In der Pause wird für einige Minuten durchgelüftet. Die etwas angenehmeren Temperaturwerte halten nur nicht lange an. Aber bei ROME ist das nicht ganz so schlimm, schließlich verleiten die ruhigen Töne nicht zu wilden Tanzeinlagen. Dafür wird es nun melancholisch und düster, dazu noch die tiefe und markante Stimme von Jérôme Reuter und der Abend ist perfekt. Neben seinem Partner Patrick Damiani wird das Duo von drei Live-Musikern begleitet. Zwei von ihnen verschwinden nach einer Weile, worauf Jérôme entgegnet: "Die beiden sind nur für eine halbe Stunde bezahlt worden." Man sieht also, trotz dieser schwermütigen Musik hat der Sänger den Humor nicht verloren. Als jedoch 'Bread And Wine' erklingt, reichen die beiden dann selbiges in das Publikum. Wahrscheinlich der hohen Temperatur geschuldet, verlassen relativ viele Besucher den Felsenkeller. Wer aber bis zum Ende durchhält, wird mit 'The Torture Detachment' und 'Neue Erinnerung' belohnt, ehe 'Swords of Rust' den Abend beendet. Noch einmal erhalten ROME viel Beifall und ein schweißtreibender Abend geht zu Ende.

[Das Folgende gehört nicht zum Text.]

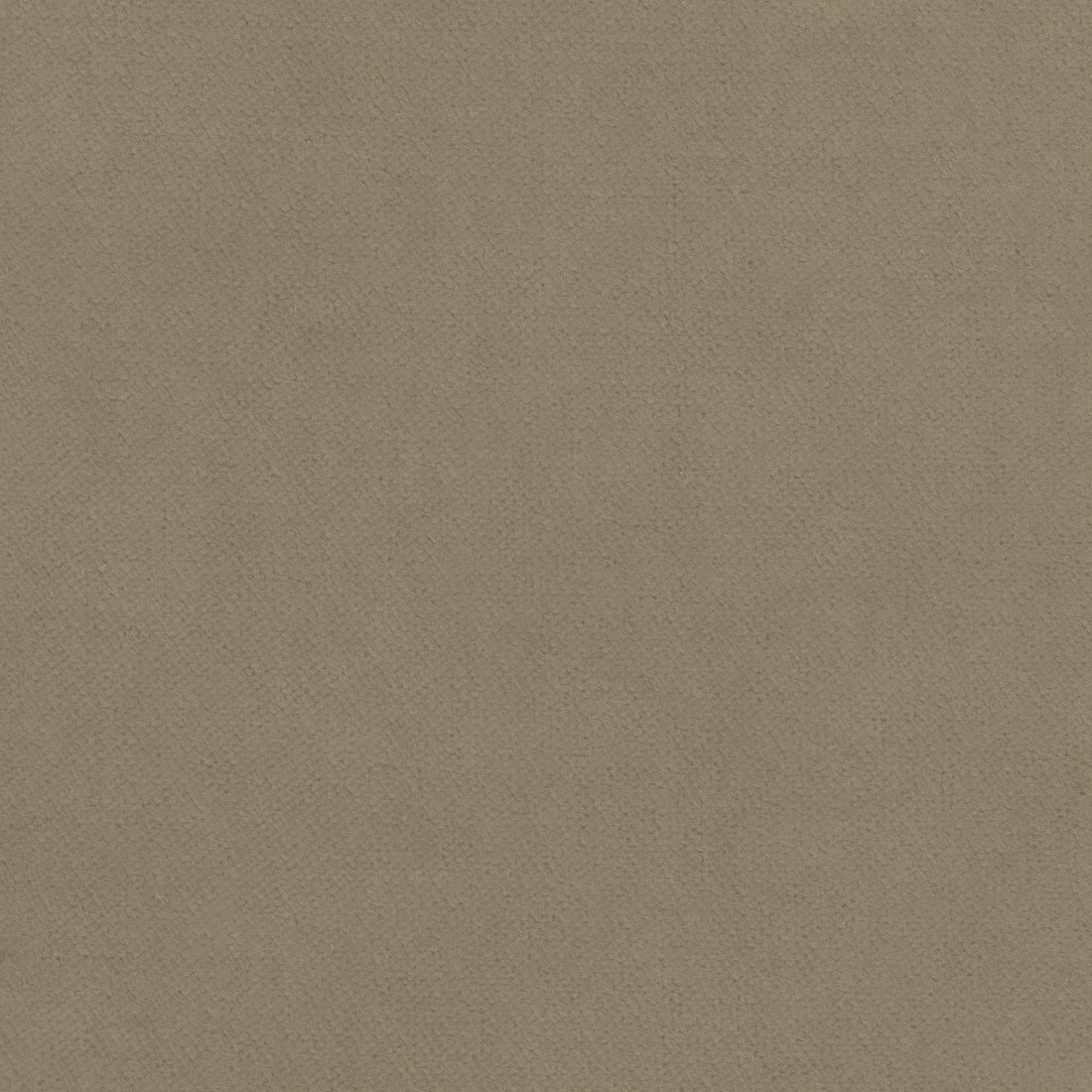 Club Velvet fabric in taupe color - pattern number W7225 - by Thibaut in the Club Velvet collection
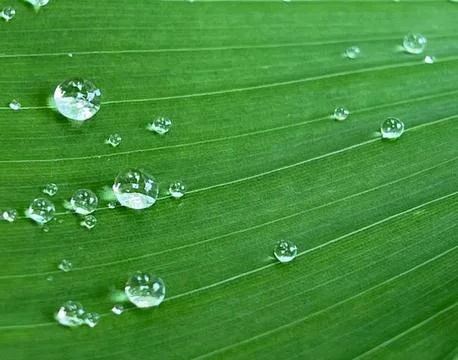 Water drop on the leave Stock Photos
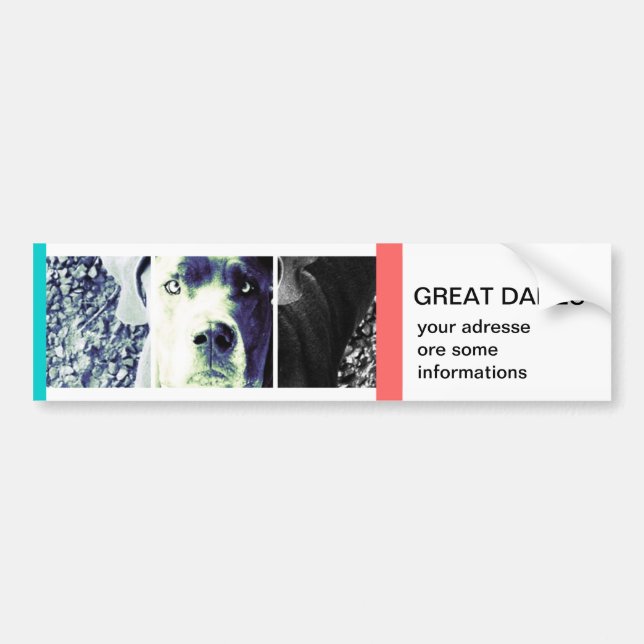 Ihr eigener Autoaufkleber (Vorne)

Schwitzen ist auch im nahe gelegenen Club "Victor Jara" angesagt, der als Ausweichquartier für den Spiegelpalast genutzt wird. Dort finden die "Göttertanz-Parties" statt. Nach der Musik im Felsenkeller bietet es sich an, dort einmal vorbeizuschauen. Allerdings sind die Räumlichkeiten bei weitem kleiner und so ist es recht mühsam erst einmal rein und dann zur Bar oder zur Tanzfläche zu kommen. Von daher ist der Aufenthalt dort leider nur kurz, denn so richtig Spaß macht das dann auch nicht.